Ok, back to the action! Post-Robin Batman wants revenge for everything wrong in the world. Post Man-of-Steel Superman is a likely target for his anger. Meanwhile, Lex Luthor is manipulating everyone into thinking Superman is a threat.
Side note: Zach Snyder should be shot for many things in this movie, but more than anything else for the portrayal of Lex Luthor. Lex was an homage to Keith Ledger, and a bad one at that. This movie needed Kevin Spacey to return as Lex. Oh good golly, that’s giving me chills, just thinking about it.
So vengeful Batman must face off against brooding Superman. Throw in a reticent Wonder Woman and an over-the-top Luthor. Finally, throw in Doomsday, for good measure. It’s a steel cage match to the death, and there’s only one way out–and it’s not the door. The acting is right where it should be. Everyone pushes their script to the edge. Lex is over the edge.
Now, the bad.
Zach Snyder and his writers made some fairly large mistakes with this film, and they are glaring. If you rent this movie, just fast-forward through all of the dream sequences. They make no sense, and have no bearing on the story whatsoever. Ok, maybe the first one, where Bruce remembers his origins, and the one where Supes talks to his dead father. Other than that, they’re pointless and confusing, and actually work against the plot. Shoot Zach for this one.

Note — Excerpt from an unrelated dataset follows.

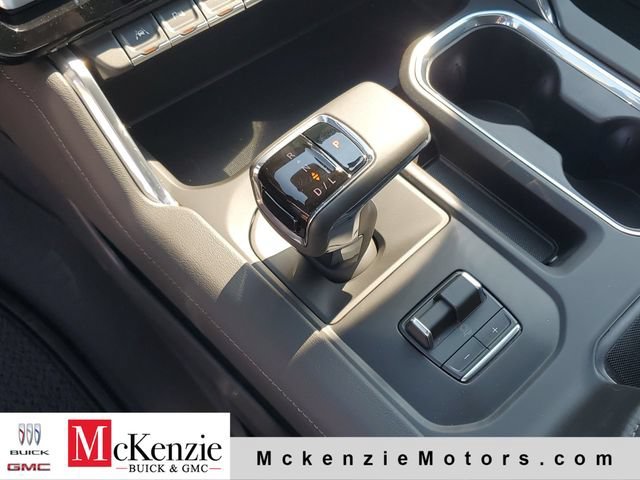 2026 GMC Sierra 1500 Denali - Photo 19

There is less flow to the scenes than there should be. Scenes jump between character without respect to plot, rather than as a tool to further plot. It’s almost as if Snyder wants everyone to get equal time. Bad Zach. Another shooting for you.
Doomsday: why is he there? I mean, why not have Superman face off against Batman, with some help from Wonder Woman? Then they realize they’re all good guys, and form a Justice League so they can coordinate efforts? Why was Doomsday even necessary? Ok, I get it, you had a CGI budget you needed to use up, and there was this cool superman storyline called “The Death of Superman”, and you figured, “Why not?” I got it. Another bullet in the chamber.
Doomsday, of course, has no character development (unless you count being developed by LexCorp). Neither does Supes, for that matter. Superman doesn’t really need it in this installment, because he’s fighting public opinion. His conflict is, “How do I stay good when no one stays good?” Batman, conversely, is “how do I get more bad-ass when I’m already as bad-ass as it gets?” How, you ask? You check out Dianna Prince’s ass in front of Superman, at a party. Wonder Woman? Forget about it. She’s there to look good and then kick everyone’s back-side. She is the only one who is even able to hurt doomsday without assistance. That’s probably why she’s the only hero that Batman can’t defeat.
Now, finally, we come to the end. No spoilers here, but you’re going to expect the final scenes. You’re waiting for it. You know it’s coming. Everything in the movie, including the bad homages to Excalibur, lead up to it. Bad Zach… killing the shock value like that. However, just before the very end, Zach Snyder allows a blasphemy so rancorous, so obscene, that mere bullets cannot correct it. This will take nukes. No, I won’t spoil it for you, but it is the movie’s very worst lines, delivered by its very best actor (actually, a toss-up between Gal Gadot and Ben Affleck, but bear with me, here). No I will not spoil it for you, but remember this: Batman was never a member of the Justice League! He refused to join. Bruce Wayne was a loner, someone who knew that friendships turn into funerals.